Transcribe all the records exactly and omit any images they hold.

(Items from a data source)
§ §
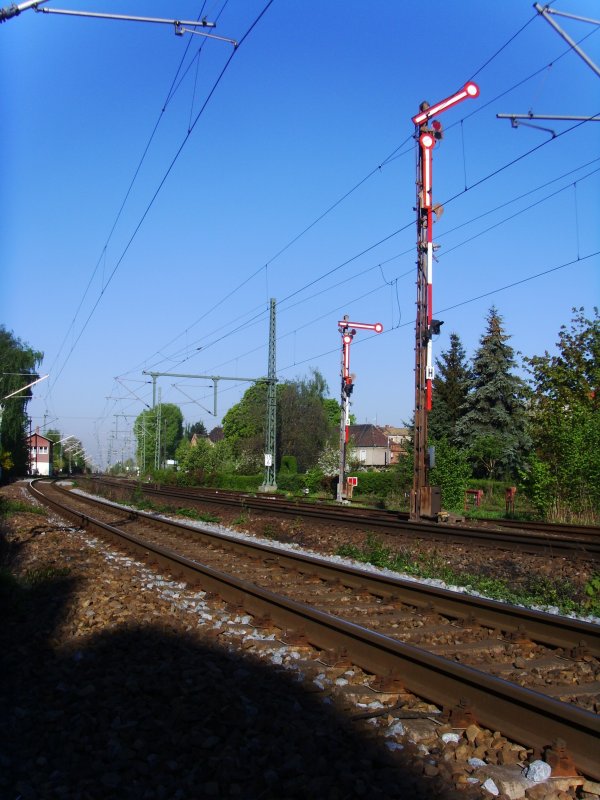 Die beiden Formsignale an der Markranstdter Bahnhofsausfahrt noch einmal von einem anderen Standort aus fotografiert, 21.04.2009.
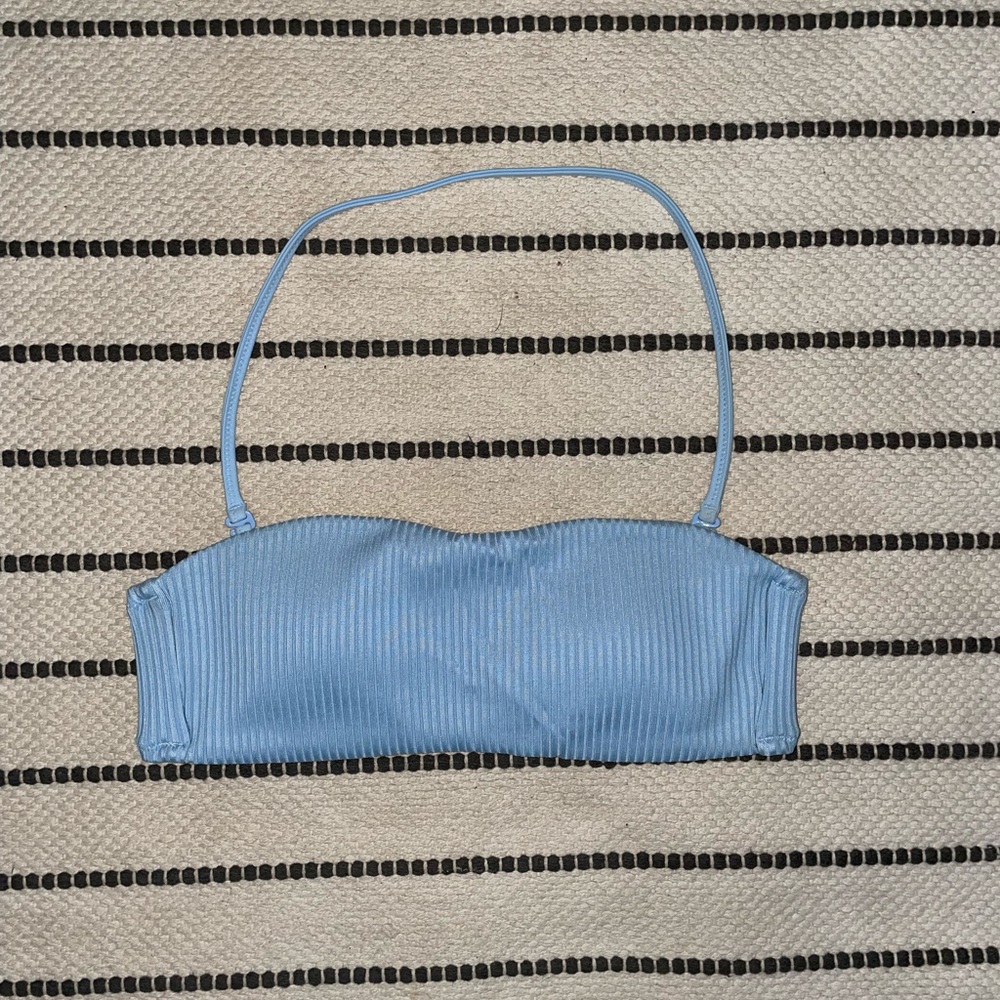 •• Hollister Bikini Top ••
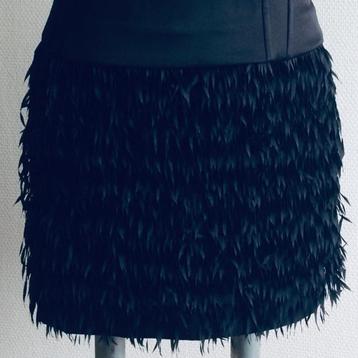 Sexy korte zwarte rok met veertjes / franjes  maat M 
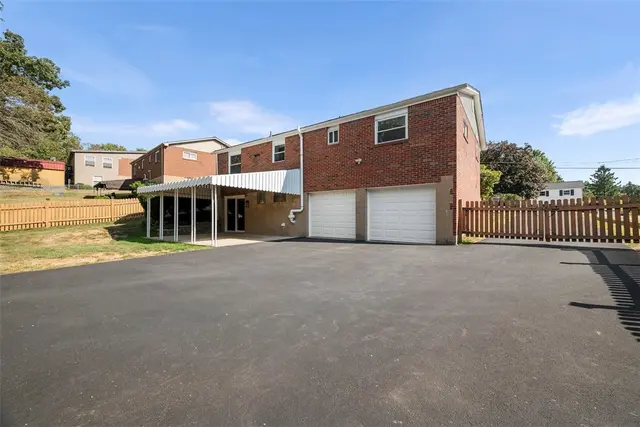 1007 Bernice Dr gallery image 31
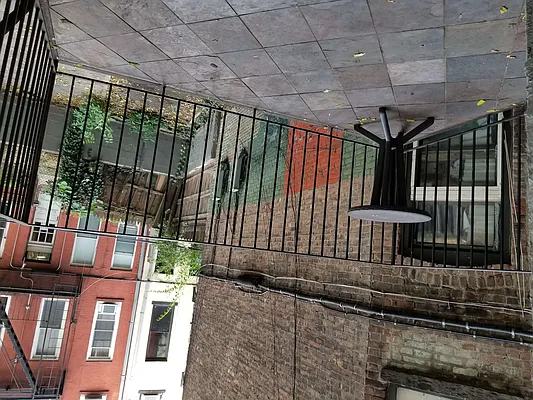 Rented by Metropolitan Equities | media 6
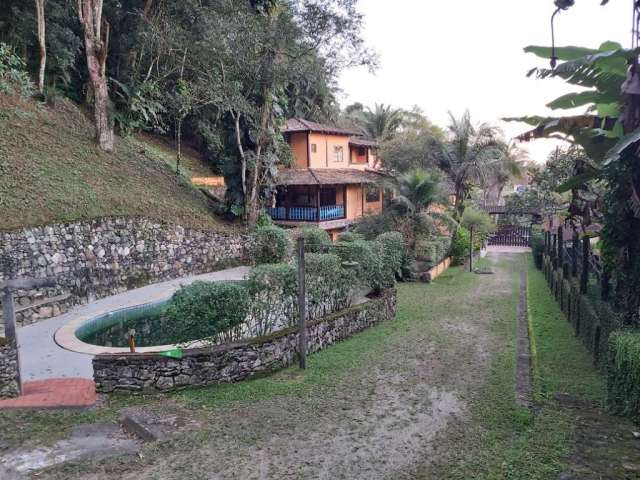 Condominio á venda com 06 Casas  - Praia de Maresias .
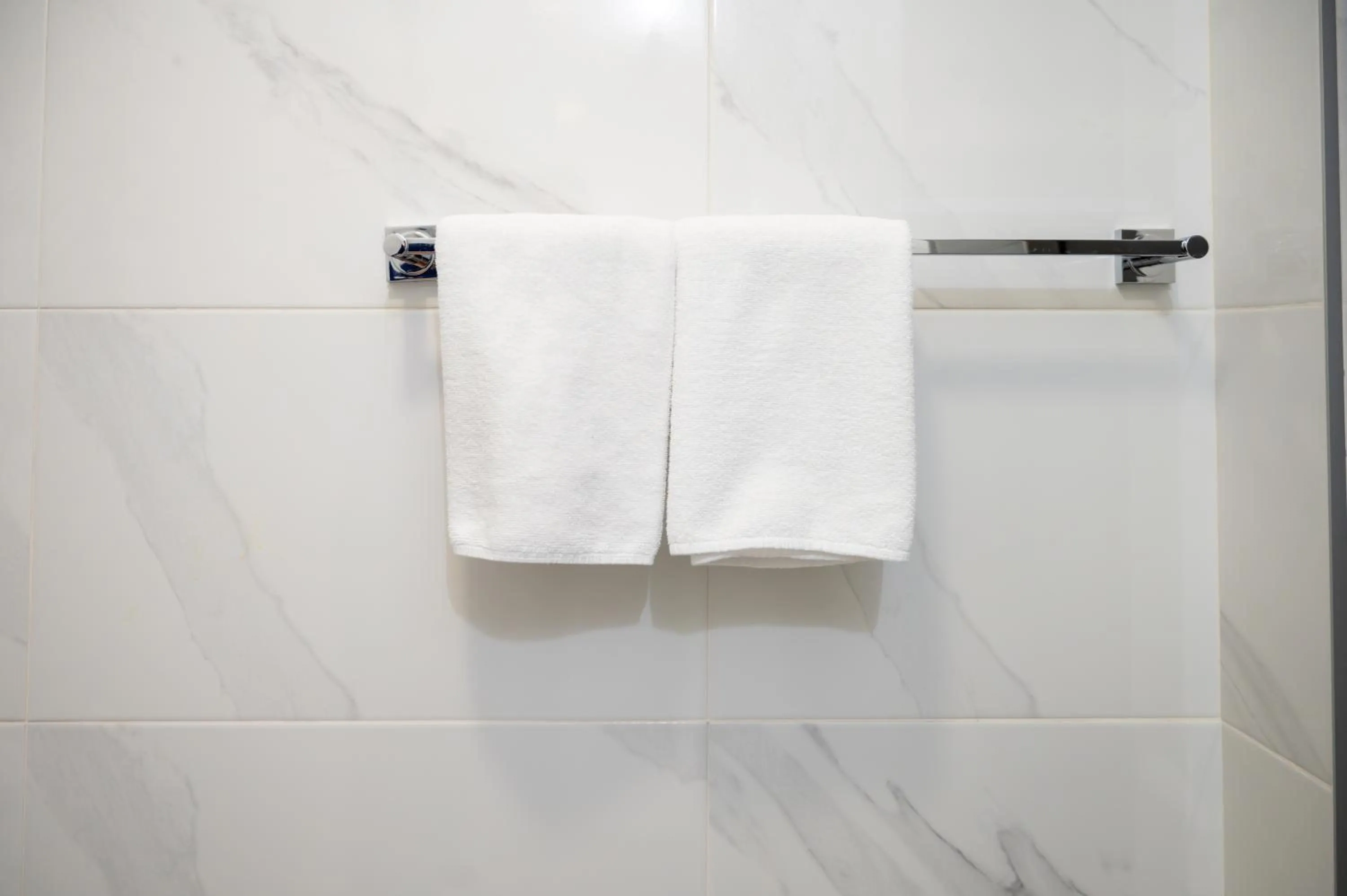 towels in Bright Studio in the City Center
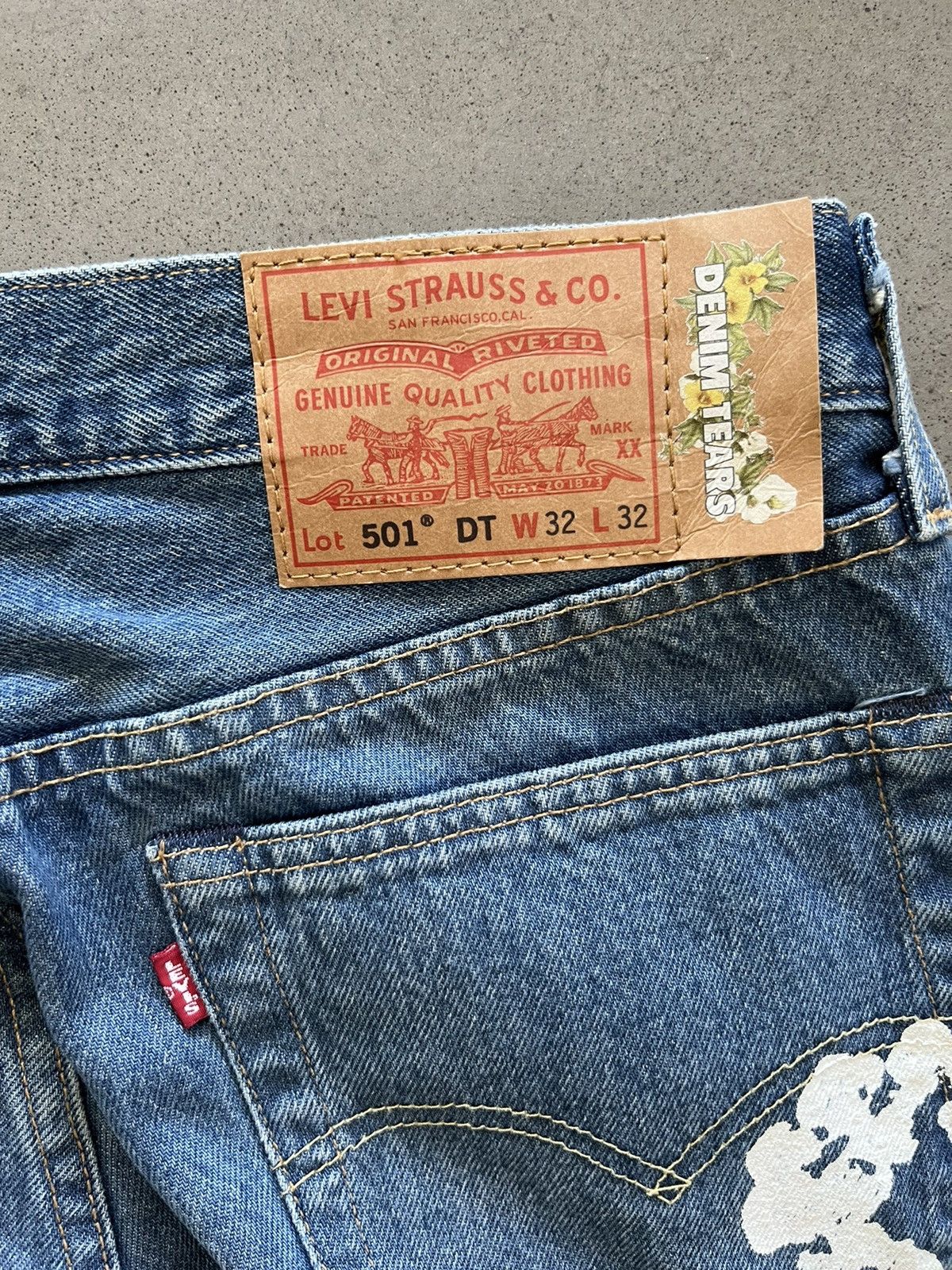 DENIM TEARS × Levi's OG denim tears levi’s 501 blue wash Size US 32 / EU 48 - 3 Thumbnail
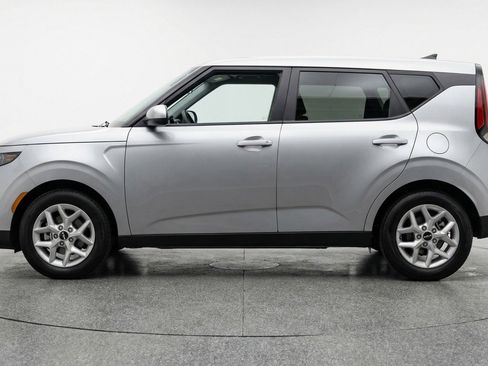 Used 2025 Kia Soul LX w/ LX Technology Package FWD image 5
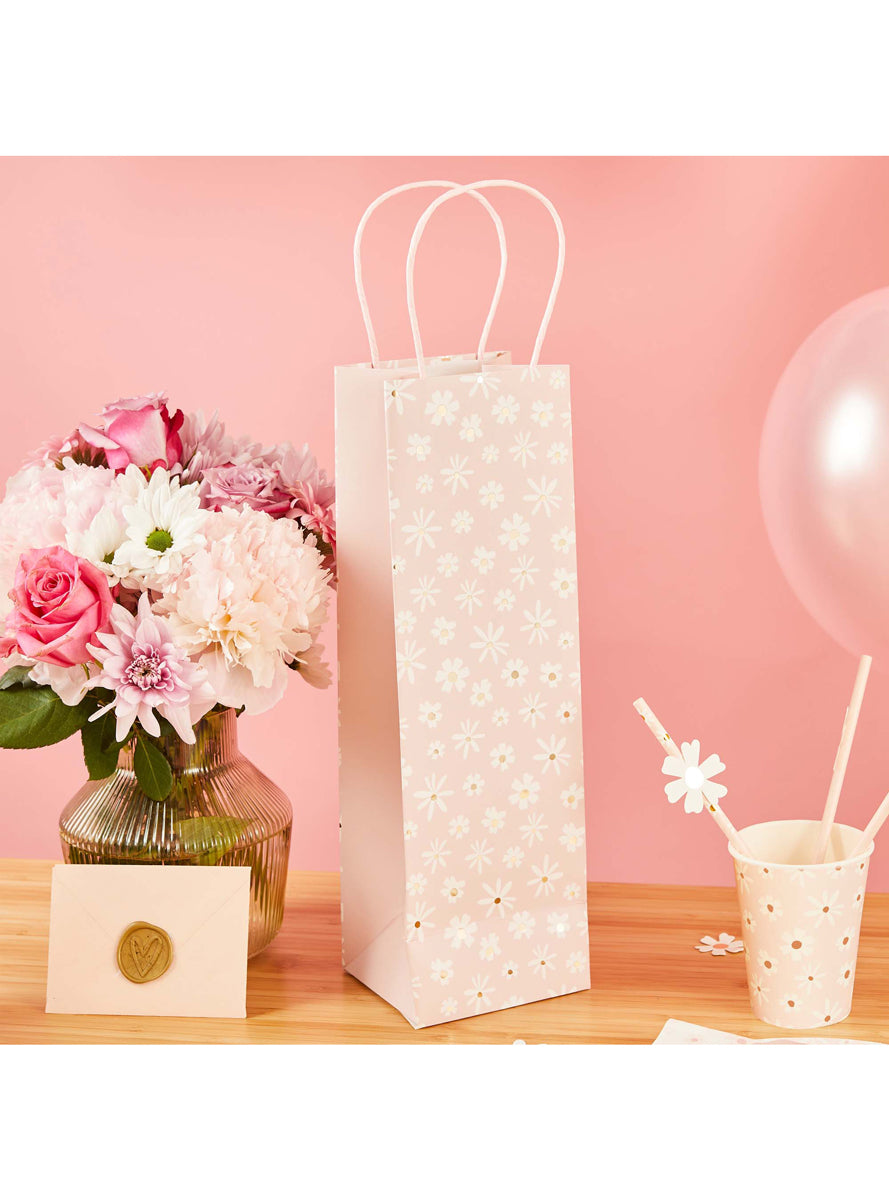 Ditsy Daisies 35cm Wine Bottle Gift Bag - Lifestyle Image 3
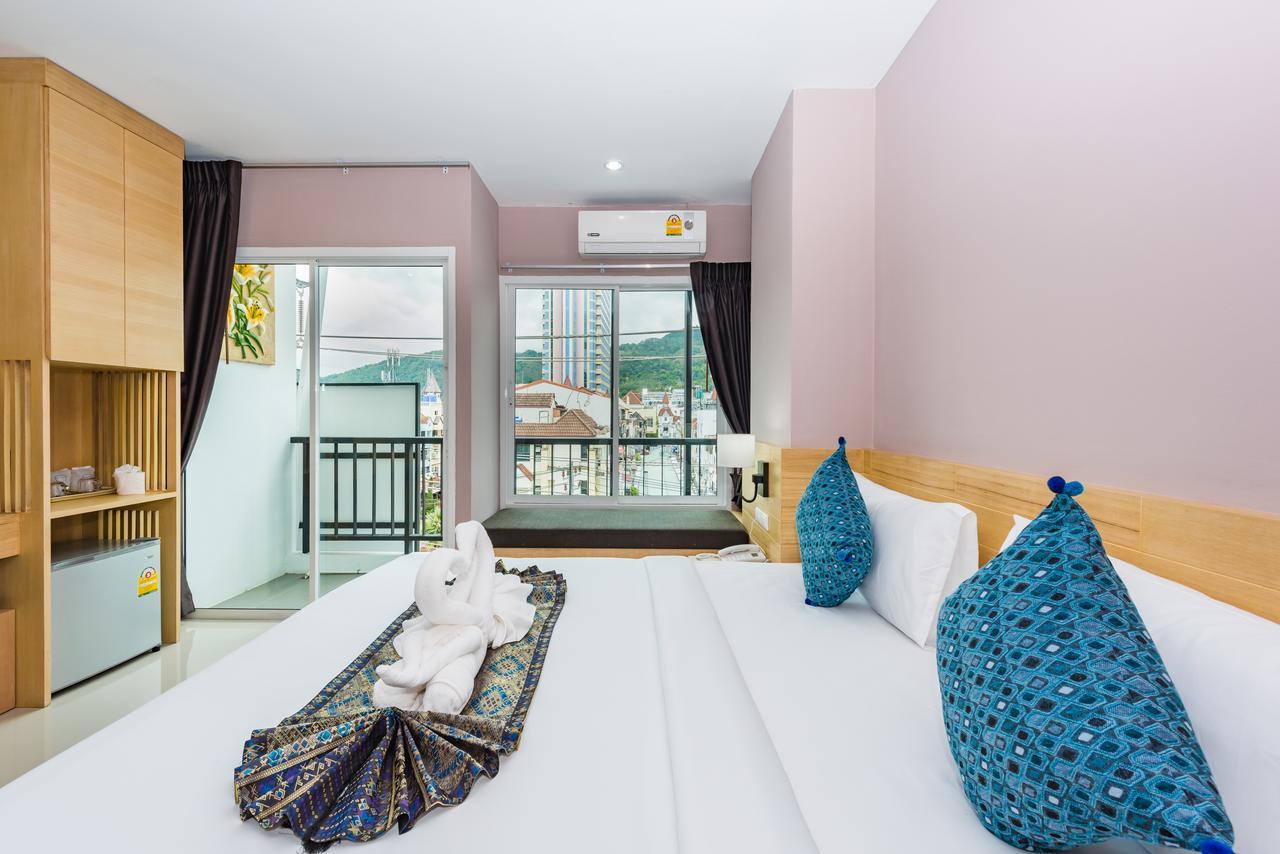 Royal Luxury Hotel Patong Dış mekan fotoğraf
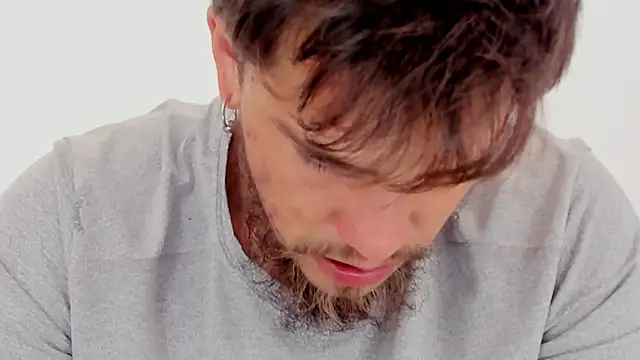Beard xox online show from October 2025 09:05:01 PM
§ §
* The answer
 Die beiden Formsignale an der Markranstdter Bahnhofsausfahrt noch einmal von einem anderen Standort aus fotografiert, 21.04.2009.
 •• Hollister Bikini Top ••
 Sexy korte zwarte rok met veertjes / franjes  maat M 
 1007 Bernice Dr gallery image 31
 Rented by Metropolitan Equities | media 6
 Condominio á venda com 06 Casas  - Praia de Maresias .
 towels in Bright Studio in the City Center
 DENIM TEARS × Levi's OG denim tears levi’s 501 blue wash Size US 32 / EU 48 - 3 Thumbnail
 Used 2025 Kia Soul LX w/ LX Technology Package FWD image 5
 Ditsy Daisies 35cm Wine Bottle Gift Bag - Lifestyle Image 3
 Royal Luxury Hotel Patong Dış mekan fotoğraf
Beard xox online show from October 2025 09:05:01 PM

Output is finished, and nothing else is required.